図19には600サイクルまでのレート特性を示す。
図20(A)および
図20(B)は、それぞれ、例3の電池(LSGC)および例4の電池(LSG)の71サイクルおよび600サイクルの充放電プロファイルである。
【0119】
例3の電池(LSGC)の比容量は、71サイクルで549.1mAh/gを有し、500サイクルでも454.3mAh/gを有した。例3の電池(LSGC)は、電流密度2Cの長期サイクルにおいても、極めて安定であり、良好な可逆性を有した。例3の電池(LSGC)の平均クーロン効率(CE)および保持率は、それぞれ、99.8%および82.7%であった。なお、例5の電池(LSN)の容量は、200サイクル後に機械的破壊し、機械的破壊までの保持率は10%程度であった。
【0120】
一方、例4の電池(LSG)の比容量は、サイクル回数の増加に伴い大きく減少した。例4の電池(LSG)の容量は、500サイクル後には101.7mAh/gまで減少し、その保持率は37.7%であった。
図20(A)と
図20(B)との比較からも、例3の電池(LSGC)は、例4の電池(LSG)に比べて、顕著に優れていること分かる。
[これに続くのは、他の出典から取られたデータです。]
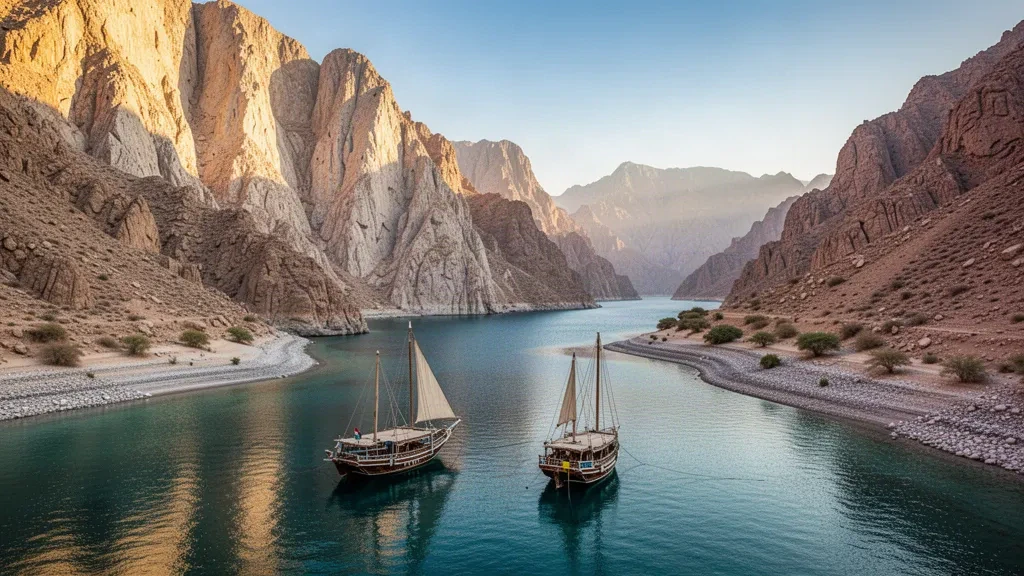 Traditional dhow boats anchored on turquoise fjord waters of Musandam near Khasab, Oman, framed by towering limestone cliffs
このことから、カチオン性ポリマーを添加し、焼成することが有効であり、それによって得られる複合体は、アノード電極材料として優れていることが示された。
【0121】
これらの結果を簡単のため表4にまとめて示す。
【0122】
【表4】
【0123】
図21は、例3の電池(LSGC)、例4の電池(LSG)および例5の電池(LSN)におけるアノード電極の断面のSEM像を示す図である。
【0124】
図21(a)、(c)、(e)は、それぞれ、充放電サイクル前の例3の電池(LSGC)、例4の電池(LSG)および例5の電池(LSN)におけるアノード電極の断面のSEM像を示し、
図21(b)、(d)、(f)は、それぞれ、電流密度1Cで200サイクル後の例3の電池(LSGC)、例4の電池(LSG)および例5の電池(LSN)におけるアノード電極の断面のSEM像を示す。
【0125】
充放電サイクル前の例3の電池(LSGC)、例4の電池(LSG)および例5の電池(LSN)におけるアノード電極の厚さは、それぞれ、16.4μm、15.4μmおよび18.3μmであった。200サイクル後の例3の電池(LSGC)、例4の電池(LSG)および例5の電池(LSN)におけるアノード電極の厚さは、それぞれ、20.7μm、24.1μmおよび45.0μmであった。例3の電池(LSGC)、例4の電池(LSG)および例5の電池(LSN)におけるアノード電極の体積膨張率は、それぞれ、26%、57%および146%であった。これらの結果を表5に示す。
【0126】
【表5】
【0127】
このことから、本発明の複合体をアノード電極材料に用いることによりLiイオンの挿入・脱離による体積膨張が抑制され、高いサイクル特性を有するリチウムイオン二次電池が提供されることが示された。